British state security ‘threatened by inquests’
New inquests into the deaths of a number of nationalists killed by British Crown forces in the north of Ireland have been blocked on the grounds that the security of the British state may be implicated.
The shock decision of chief coroner John Leckey to suspend inquests 14 deaths has provoked fury among the families of the victims.
The family of schoolboy Francis Rowntree, the first Irish person killed with a British ‘rubber bullet’, said they will take legal action. Eleven-year-old Francis was shot dead by the British army in April 1972 as he played with friends in west Belfast’s sprawling Divis Flats complex.
In June this year, Six-County Attorney General John Larkin ordered a fresh inquest into the Rowntree killing following new evidence uncovered by the family’s lawyer Padraig O Muirigh.
However, at a preliminary hearing this week, the coroner said that he had received legal advice indicating that only the British Direct Ruler had powers in areas affecting “national security” -- including, controversially the authority to order inquests.
Under the 1998 Good Friday Agreement, matters relating to “state security” in the North of Ireland remain under the control of the British Crown, and beyond the remit of the Stormont Assembly.

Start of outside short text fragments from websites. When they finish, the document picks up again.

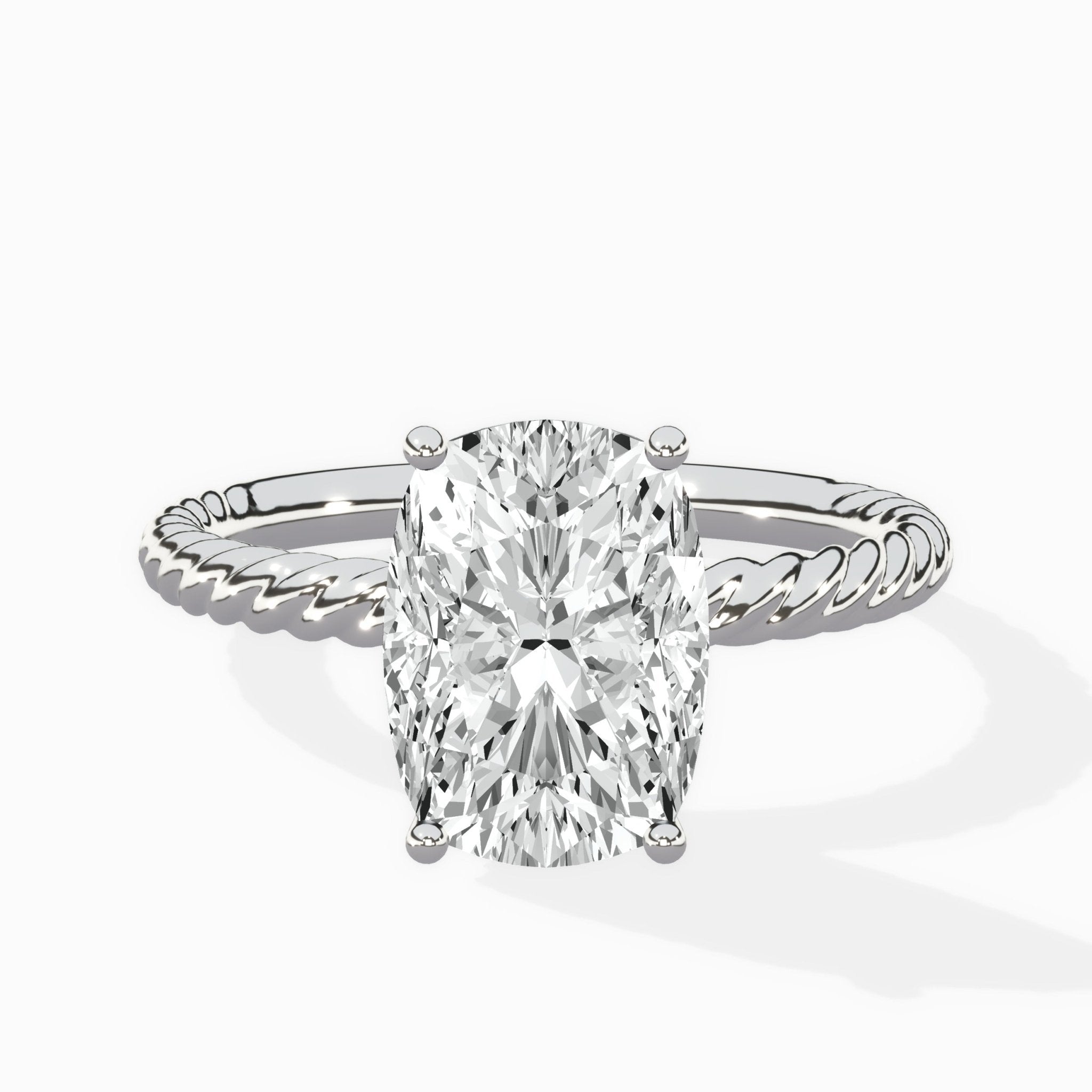 Petite Pave Band Solitaire Ring Engagement Ring - The Better Diamonds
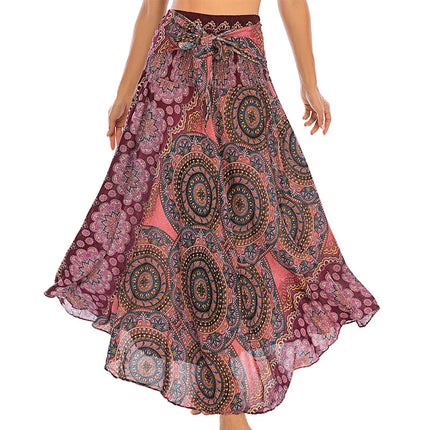 Boho Gonne Donna Rayon Beach Abito lungo Estate Bohemian Jupe Longue Femme Elastico in vita Stampa Fasciatura floreale Halter Hippie platinumshop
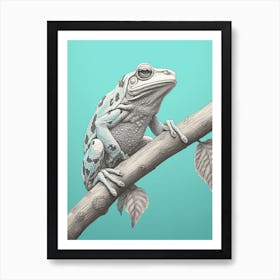 Cyan Frog Desert Wave 3 Art Print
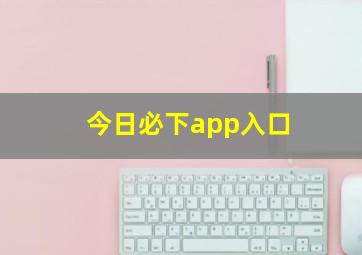 今日必下app入口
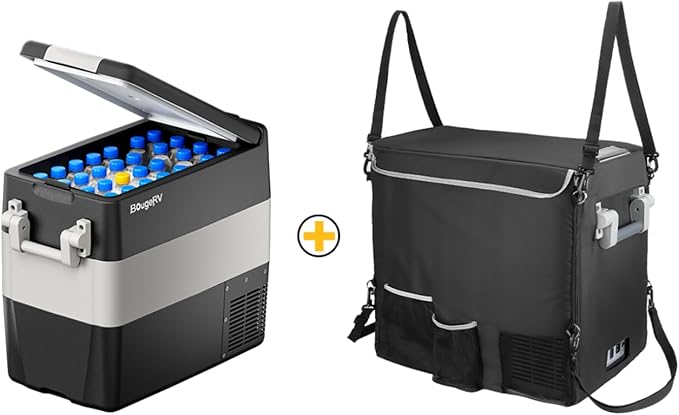 BougeRV 12V Portable Refrigerator 53 Quart Car Freezer Fridge Electric Cooler12V/24V DC 110~240Volt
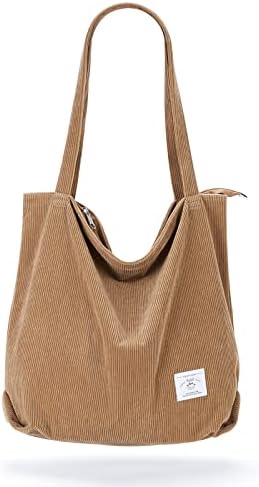 4164v lq40l. ac .jpg KALIDI cord Tasche Damen Groß Shopper Tasche mit Reißverschluss für Arbeit und Büro
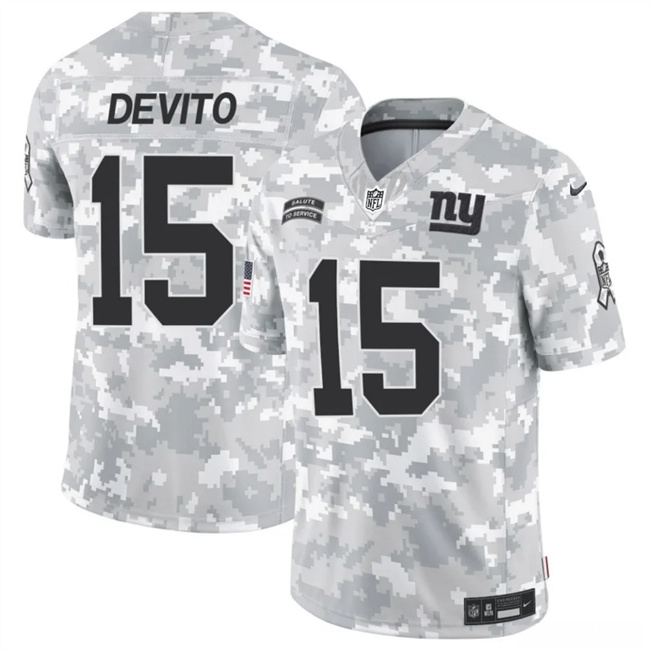 Men's New York Giants #15 Tommy DeVito 2024 F.U.S.E. Arctic Camo Salute to Service Limited Football Stitched Jersey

Francis’s brother Jim Rowntree said the new inquest had given his family hope, which was now being taken away.
“Frank was just an innocent child and yet the army tried to blacken his name saying he was involved in a riot,” he said. “We have already waited over 40 years for justice. The way this has happened without any warning has been a major setback for our family.”
The announcement has also had an impact on other inquests ordered by Mr Larkin since he took up the post of attorney general in 2010. They include the killing of 10 people by the British army in Ballymurphy in August 1971, including a Catholic priest and a mother-of-eight.
Fresh inquests into the killing of north Belfast man Bernard Watt by a British soldier in 1971 and the shoot-to-kill murder of Francis Bradley by members of the SAS in Toomebridge in 1986 are also in jeopardy.
Referring to the Rowntree family yesterday, their lawyer said: “They have waited 40 years to have a proper inquest into the death of their loved one and this development is a step backwards for them.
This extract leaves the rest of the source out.